Isite/Isearch Quick Start Guide
or, Installing and Using Isite/Isearch for the Hopelessly Impatient
with Slightly More Thorough Instructions for Those who Care.
Isearch is a text search system developed by CNIDR. CNIDR is the Center for Networked Information Discovery and Retrieval. They are part of a non-profit corporation known as MCNC. MCNC used to stand for "Microelectronics Center of North Carolina", but they dropped the long form and now they're legally just MCNC. Anyway, the lawyers thought you'd like to know that.
Isearch pretty much does one thing: it lets the user search through a bunch of text by hunting for words. It doesn't "understand" your text collection, it doesn't try to parse it, it just uses slightly-less-than-brute-force statistical methods to hunt for words in documents. It does this by building indexes. An Isearch index is a just like the index in a book: if you look for a word in the index of a book, it tells you a page number to look at. Likewise, if you search for a word with Isearch, it looks in the index for a filename associated with that word and then shows that file to you. It can do more complicated things, but that's the basic game plan.
Installing Isite requires five steps:
Really, installation usually isn't tricky at all.

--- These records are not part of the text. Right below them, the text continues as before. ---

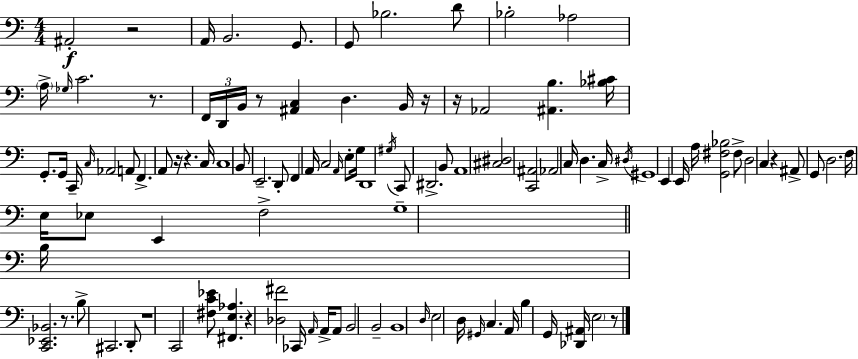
{
  \clef bass
  \numericTimeSignature
  \time 4/4
  \key a \minor
  ais,2-.\f r2 | a,16 b,2. g,8. | g,8 bes2. d'8 | bes2-. aes2 | \break \parenthesize a16-> \grace { ges16 } c'2. r8. | \tuplet 3/2 { f,16 d,16 b,16 } r8 <ais, c>4 d4. | b,16 r16 r16 aes,2 <ais, b>4. | <bes cis'>16 g,8.-. g,16 c,16-- \grace { c16 } aes,2 | \break a,8 f,4.-> a,8 r16 r4. | c16 c1 | b,8 e,2.-- | d,8-. f,4 a,16 c2 \grace { a,16 } | \break e8-. g16 d,1 | \acciaccatura { gis16 } c,8 dis,2.-> | b,8 a,1 | <cis dis>2 <c, ais,>2 | \break aes,2 c16 d4. | c16-> \acciaccatura { dis16 } gis,1 | e,4 e,16 a16 <g, fis bes>2 | fis8-> d2 c4 | \break r4 ais,8-> g,8 d2. | f16 e16 ees8 e,4 f2-> | g1-- | \bar "||" \break \key a \minor b16 <c, ees, bes,>2. r8. | b8-> cis,2. d,8-. | r1 | c,2 <fis c' ees'>8 <fis, e aes>4. | \break r4 <des fis'>2 ces,16 \grace { a,16 } a,16-> a,8 | b,2 b,2-- | b,1 | \grace { d16 } e2 d16 \grace { gis,16 } c4. | \break a,16 b4 g,16 <des, ais,>16 \parenthesize e2 | r8 \bar "|."
}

Start to finish should take around thirty minutes the first time, and about ten when you download new versions.
STEP 0: GET GCC and GZIP
Okay, we lied: There's an extra step. You really should have gcc and g++ on your machine, and you must have gzip (and its companion gunzip) so you can unpack the archive that Isearch comes in. You can get gzip and gcc via anonymous ftp from prep.ai.mit.edu in the directory /pub/gnu. Gzip installation is fairly simple. Unpack the tar file and follow the instructions in the file "README". Installing gcc and g++ is a lot more complicated. In principle, you could use a vendor-supplied C++ compiler. The Solaris SparcWorks C++ compiler is known to work, and the CenterLine C++ compiler has also compiled Isearch successfully. The bad news is that there are several subtly different versions of the C++ specification and each compiler views it a little differently. Getting Isearch to work with a different compiler is about like porting Isearch to another machine. Isearch is also fairly dependent on compiler versions, especially with gcc. Gcc users should make sure they are using at least 2.7.X. Note that the old, pre-compiled gcc for Solaris is not meant to be a general-purpose compiler: it's just enough of a compiler to compile a newer version of gcc.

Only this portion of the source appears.